# Material shown
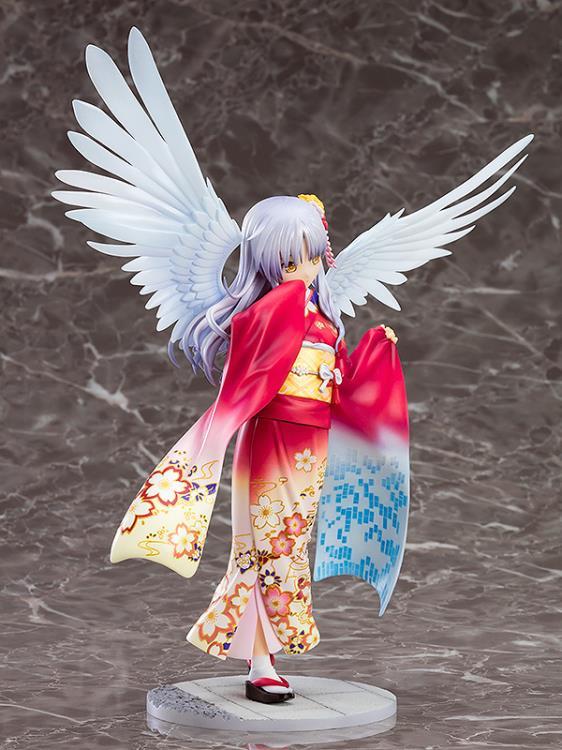Angel Beats! Kanade Tachibana (Haregi Ver.) 1/8 Scale Figure - Image 4
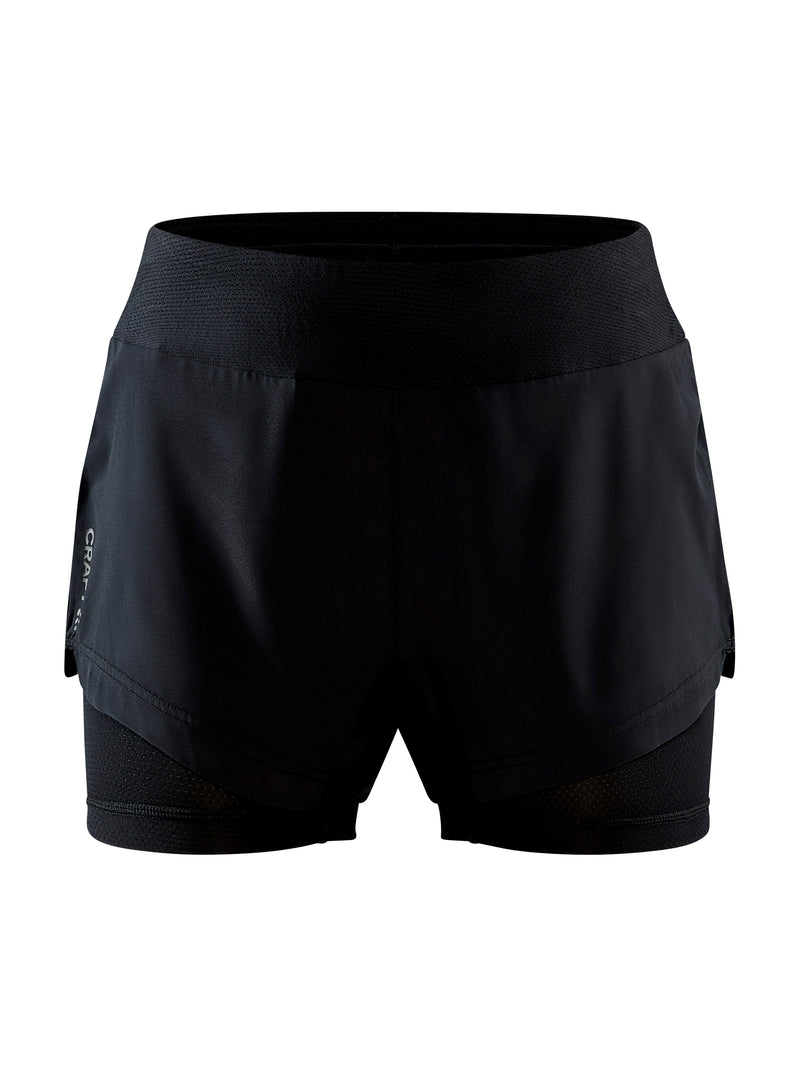 Craft Adv Essence 2-In-1 Shorts Femmes - Plein Air Entrepôt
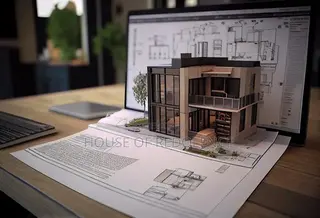 Architectural Designs and Drawings
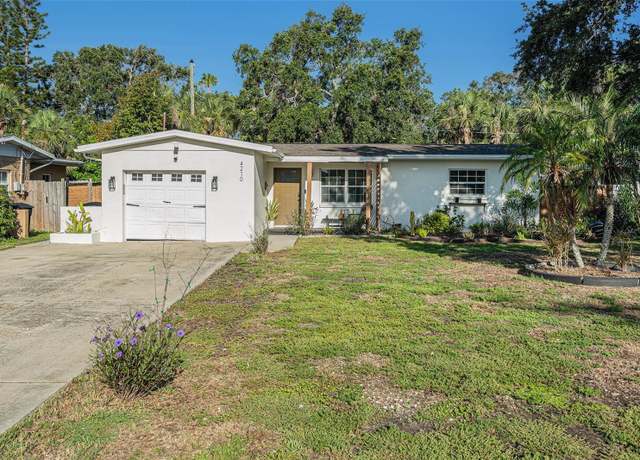 Property at 4210 Huntington St NE, St Petersburg, FL 33703, 2 beds, 1 bath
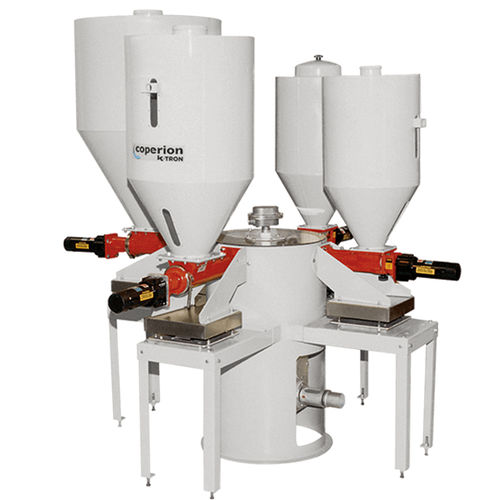 Alimentatore con vite senza fine - ProRate™ - Coperion - volumetrico / per prodotti sfusi / ad uso industriale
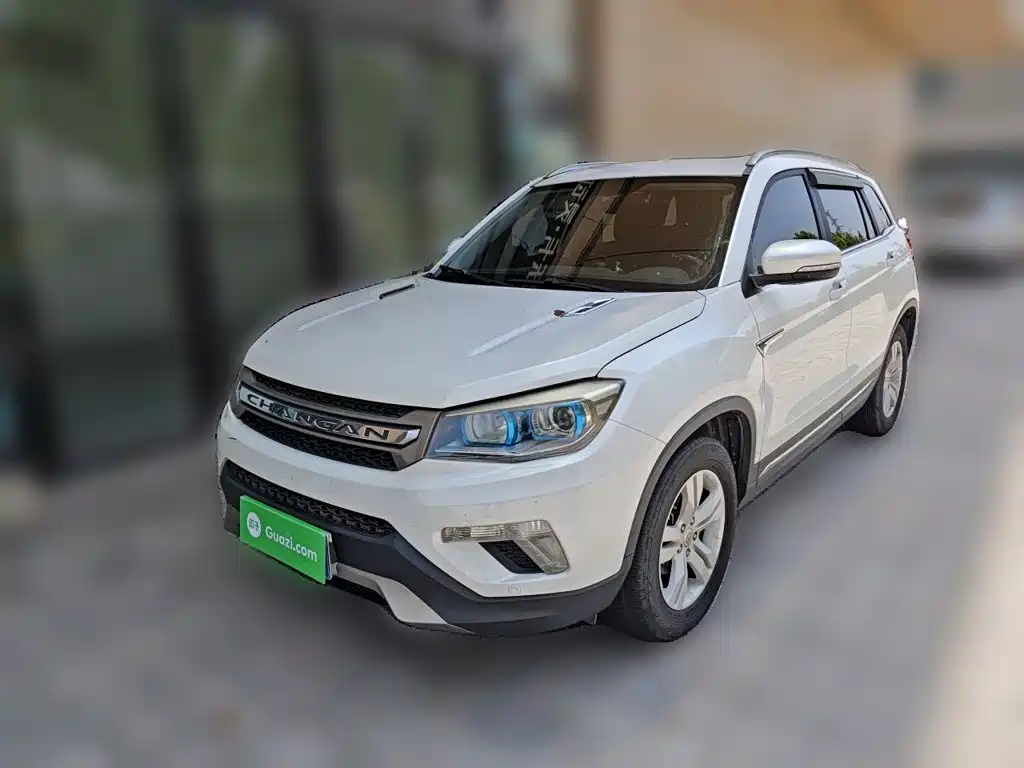 Changan CS75 2016 — фото 2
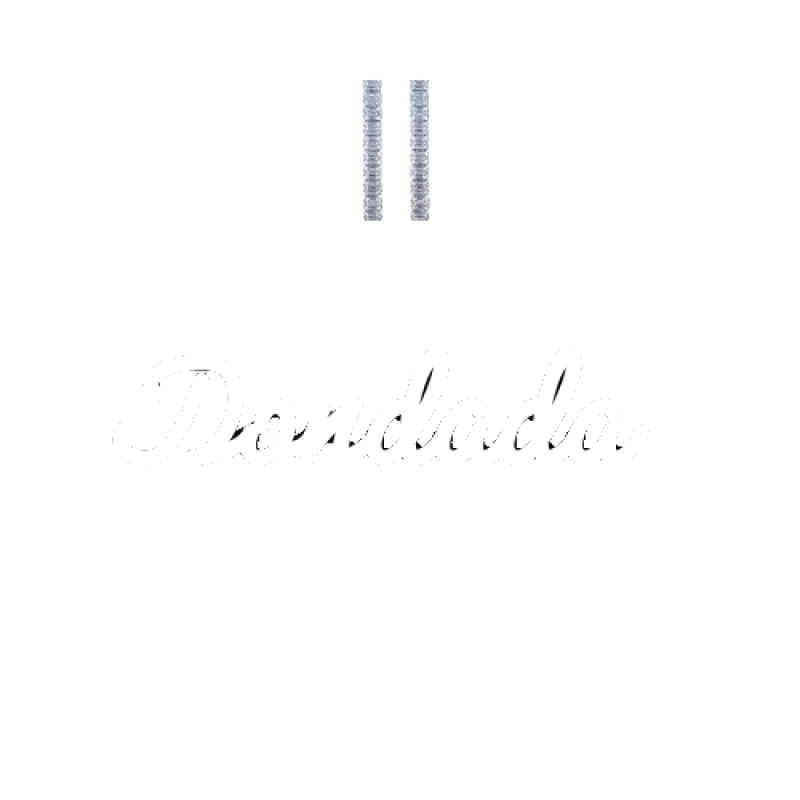 Script Custom Letter Necklace sold by The GUU Shop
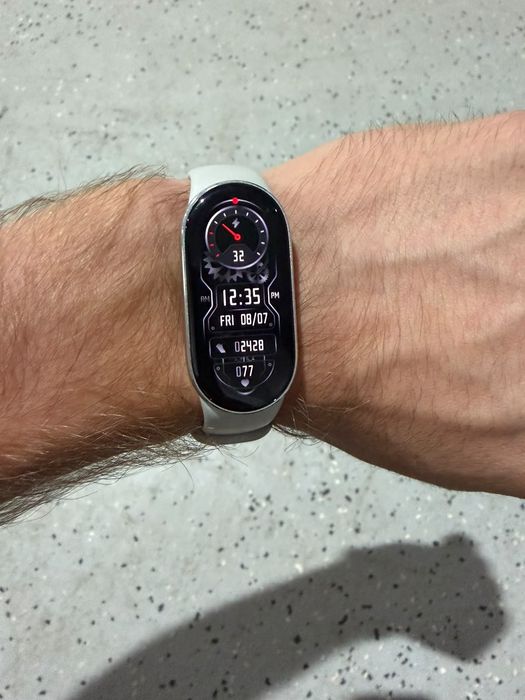 Смарт часы xiaomi mi band 10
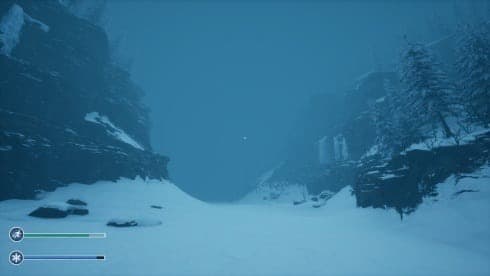 Cold House screenshot 1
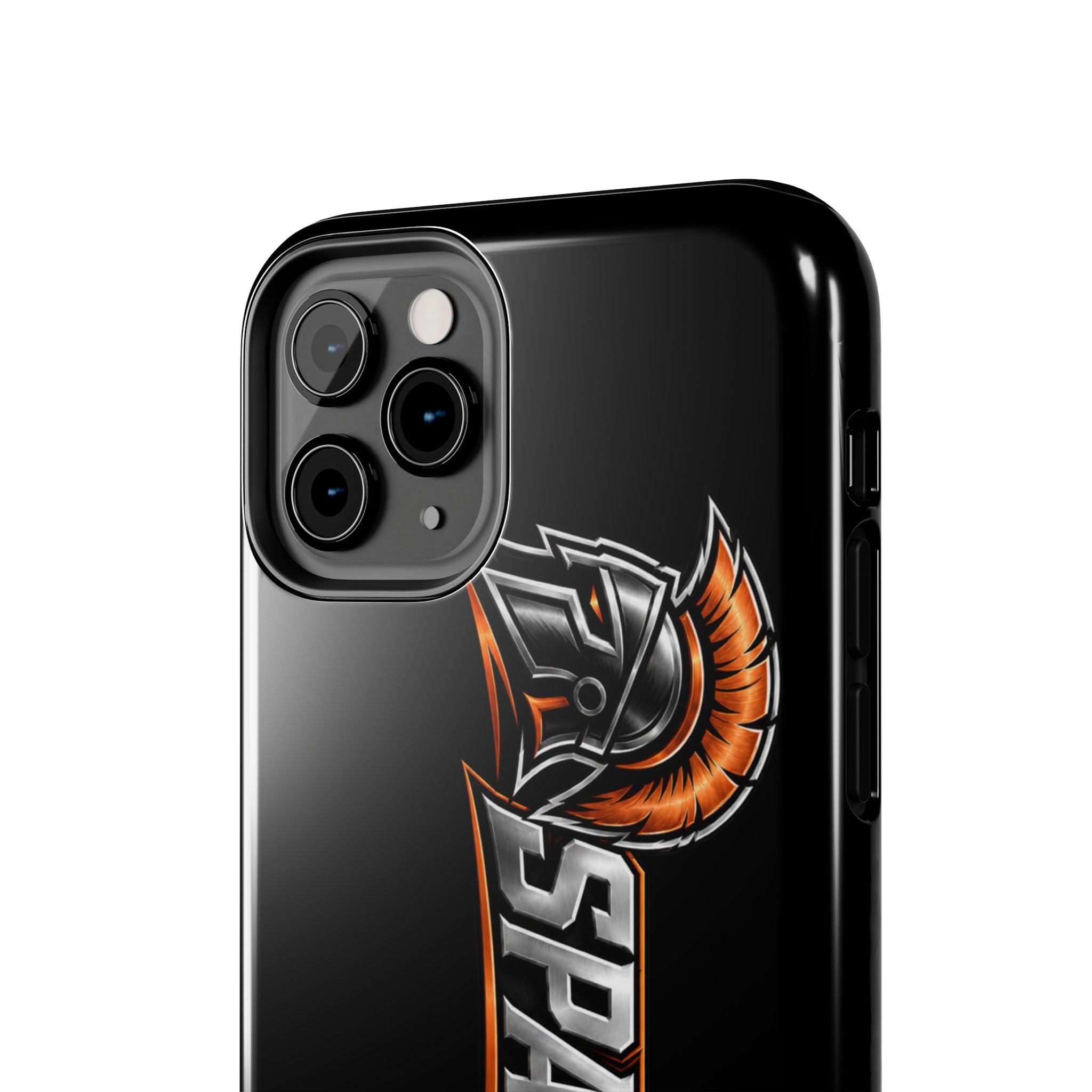 Spartans Tough Phone Case — Rugged Protective Phone Cover with Spartan Helmet Design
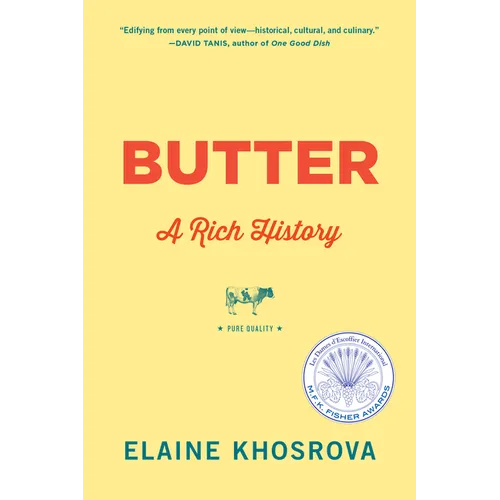 Butter: A Rich History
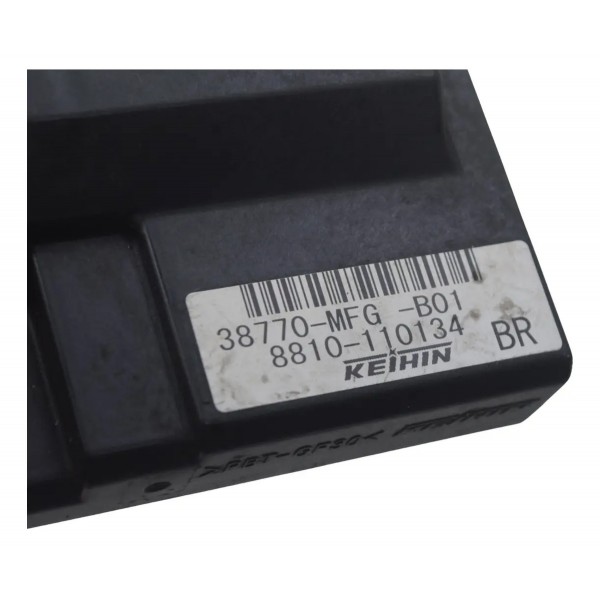 Módulo Ecu Honda Cb 600f Hornet 08-11 Original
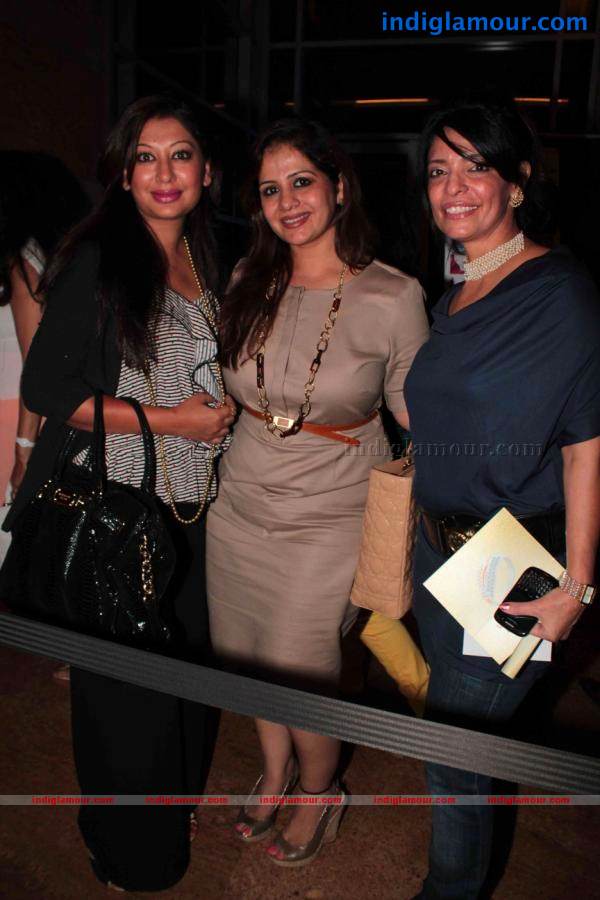 Celebs At India International Jewellery Week 2012 Event hd photo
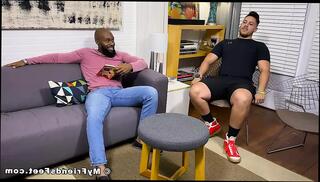 Video 1589171441: feet licking foot worship, feet worshiped hunk, gay feet fetish, friend feet worship, black feet worship, male feet fetish, interracial feet, gay guys feet, gay men feet, muscle gay fetish, handsome black stud, sensual feet, delicious feet, feet hd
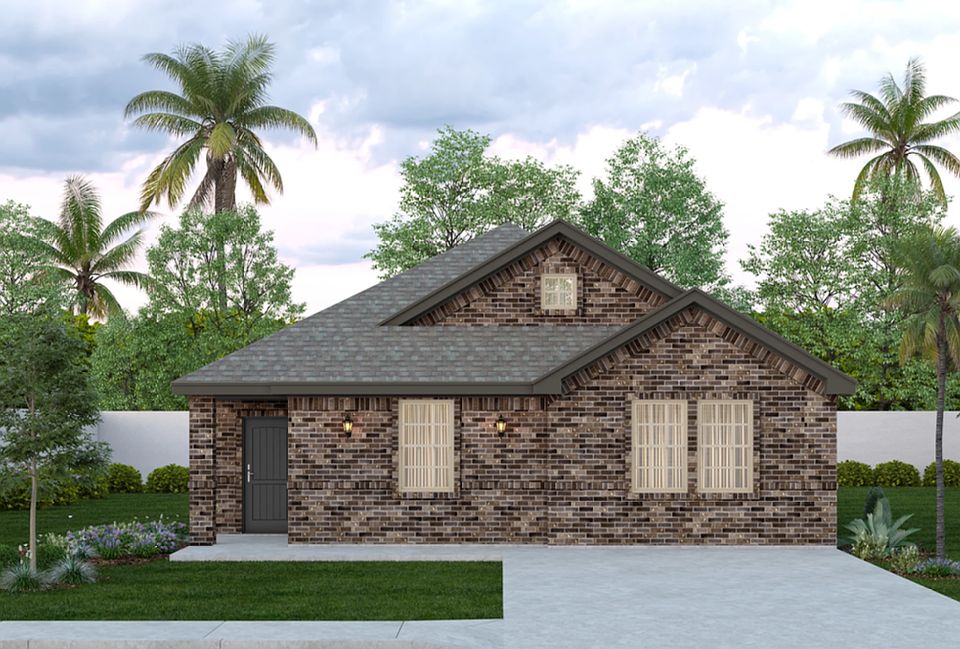 Traditional Brick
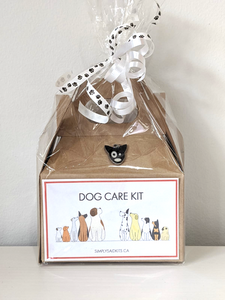 142 ($14) Dog Care Kit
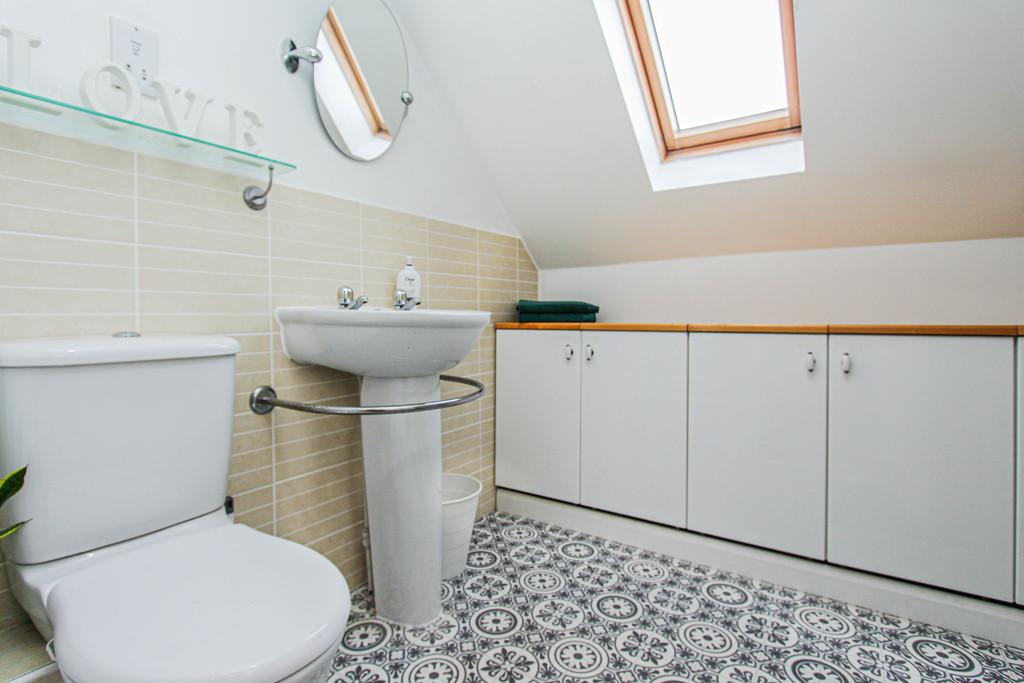 En Suite Shower Room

# Task to complete
Reprint all the data above verbatim, excluding pictures.

# Expected answer
Angel Beats! Kanade Tachibana (Haregi Ver.) 1/8 Scale Figure - Image 4
 Craft Adv Essence 2-In-1 Shorts Femmes - Plein Air Entrepôt
 Architectural Designs and Drawings
 Property at 4210 Huntington St NE, St Petersburg, FL 33703, 2 beds, 1 bath
 Alimentatore con vite senza fine - ProRate™ - Coperion - volumetrico / per prodotti sfusi / ad uso industriale
 Changan CS75 2016 — фото 2
 Script Custom Letter Necklace sold by The GUU Shop
 Смарт часы xiaomi mi band 10
 Cold House screenshot 1
 Spartans Tough Phone Case — Rugged Protective Phone Cover with Spartan Helmet Design
 Butter: A Rich History
 Módulo Ecu Honda Cb 600f Hornet 08-11 Original
 Celebs At India International Jewellery Week 2012 Event hd photo
 Video 1589171441: feet licking foot worship, feet worshiped hunk, gay feet fetish, friend feet worship, black feet worship, male feet fetish, interracial feet, gay guys feet, gay men feet, muscle gay fetish, handsome black stud, sensual feet, delicious feet, feet hd
 Traditional Brick
 142 ($14) Dog Care Kit
 En Suite Shower Room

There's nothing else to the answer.